Eye on the States: Mass. Trade Group Revives With Mission to Swap Ideas

A Massachusetts bank trade group is waking up from a long hibernation, abandoning old lobbying efforts in favor of helping its independent bank members boost their bottom lines through cooperative efforts.

After several years of inactivity, and hardly any meetings, the Massachusetts Independent Bankers Association is seeking to draw community banks together to exchange policies and ideas related to lending, human resources, and marketing.

In particular, officials want the association to establish common credit criteria to make loan participations among members easier, without having to work with a larger bank that "might look to take the customer away," said association president Jim D. Carey, president of Slade's Ferry Bank, Somerville.

"We felt that independent commercial banks have a few common interests," Mr. Carey said. "There are a few things that we can do together to help our bottom line."

By sharing policies and practices relating to employee benefits and marketing, the banks will help those smaller members who can't afford to hire full-time staffs or pay advertising agencies to develop campaigns, he explained.

Mr. Carey said the wave of consolidation sweeping the industry has only strengthened the belief among community bankers that they will survive and prosper because they can better serve customers. But "I think we need to help each other with the burden of regulation and the management of bottom lines."

"It's going to be much more one on one, trying to assist each other and managing our institutions in the marketplace to preserve our independence and share our common management concerns and solutions so that we don't end up fading out of existence," he said.

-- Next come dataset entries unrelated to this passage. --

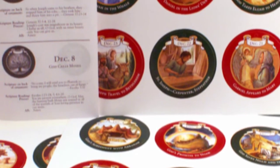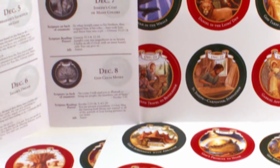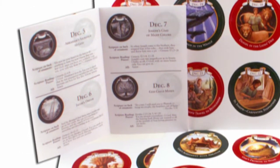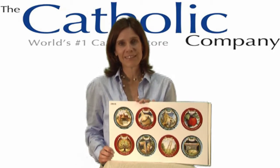This kit includes 24 paper ornaments with relevant biblical passages to hang one per day, plus a 16-page booklet explaining their tradition with suggested scripture readings and prayers. The Jesse Tree Activity Kit is a wonderful addition to your Advent season.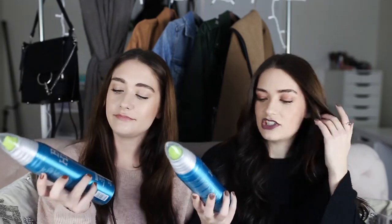We hope you guys enjoyed this loose waves that last all day tutorial featuring the Bedhead by TIGI Masterpiece Massive Shine Hairspray. Seriously love this stuff — it claims to have a medium hold, which we would totally agree with. And even though it's technically a medium hold, I feel like it locks in curls all day long. It's amazing.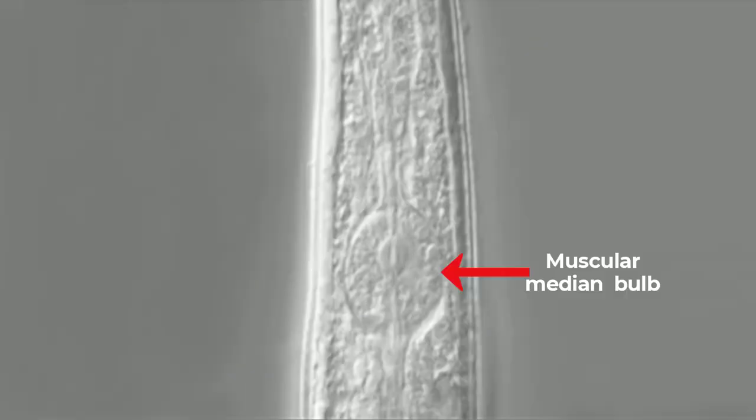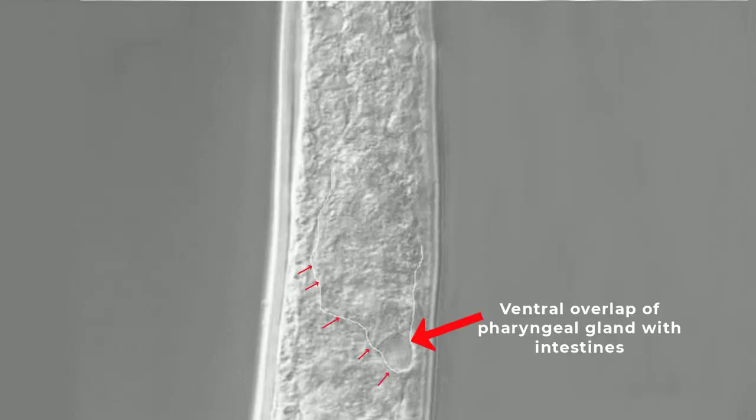Moving forward posteriorly, this is part of the pharyngeal region of this nematode. And this is the metacorpus median bulb, which is a typical feature for this genus. Furthermore, as we move towards the intestines of this nematode, you can clearly see that there is an overlap of the pharyngeal gland with the intestines. This pharyngeal gland eventually overlaps with the intestines.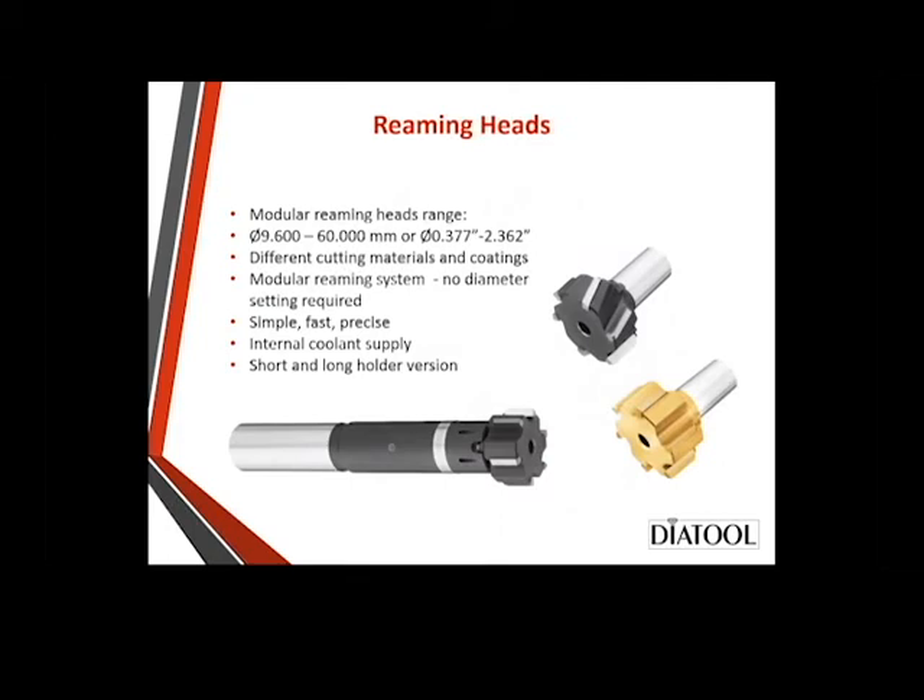The next product is the reaming heads — modular reaming heads. They're 9.6 to 60 millimeters. Same different coatings and cutting materials. It's a modular reaming system where the head just pops off the end — you stick a hex key in, unscrew it, and it comes out. You don't have to set any of these; they're ready to go right out of the box. Simple, fast, and precise. They have internal coolant supply depending on the style of holder, or for blind holes it comes through the center. We have short and long holder versions, all compatible with legacy products already in your plant.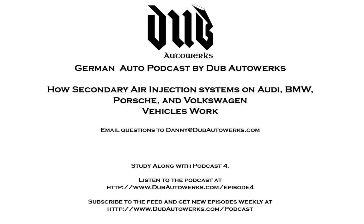Thank you so much for watching. I hope I've helped you fix your secondary air faults, and if you have any questions, feel free to email me at danny@dubbautoworks.com. As always, listen to the podcast and help support us, and we'll continue to try and support you and help keep the cost of ownership of your German vehicle as low as possible for years to come.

In the past, the group, which was formed about 25 years ago and is an affiliate of the Independent Bankers Association of America, focused its attention on influencing banking legislation on Beacon Hill in Boston and on Capitol Hill in Washington. But as the group's members were gobbled up by mergers, its influence and activity dropped off.

Last April, in response to a push from IBAA officials to restart the group, officials from about 13 banks met to discuss the organization's future.

Richard D. Driscoll, president of the Massachusetts Bankers Association, said he was unaware of the Massachusetts Independent Bankers' recent activities.

"If there is a need for one more group, they'll get members," he said. "But if banks don't feel there's a need, they won't join."

He added that the Massachusetts Bankers has added about 15 new small- bank members in the last two years. In fact, he said, every commercial bank in Massachusetts is an active member except Mr. Carey's bank.

Still, Mr. Carey said the Massachusetts Independent members concluded that the group should no longer try to provide lobbying or educational services to its members anymore, because the Massachusetts Bankers Association and other organizations already filled that need better than the independent bankers group could.

"Their expertise is in the legislative efforts and the educational efforts, and we believe you should render to Caesar what is Caesar's," Mr. Carey said. "They're every good at what they do, and our thrust is a little different."

Mr. Carey said the group has stressed to the Massachusetts Bankers Association that it's not trying to compete. Already the association includes 20 banks, with 13 other potential members, all with less than $250 million in assets.

Mr. Carey said officials haven't ruled out cosponsoring a seminar with a larger organization, but "that's not our thrust. There are organizations that do that well."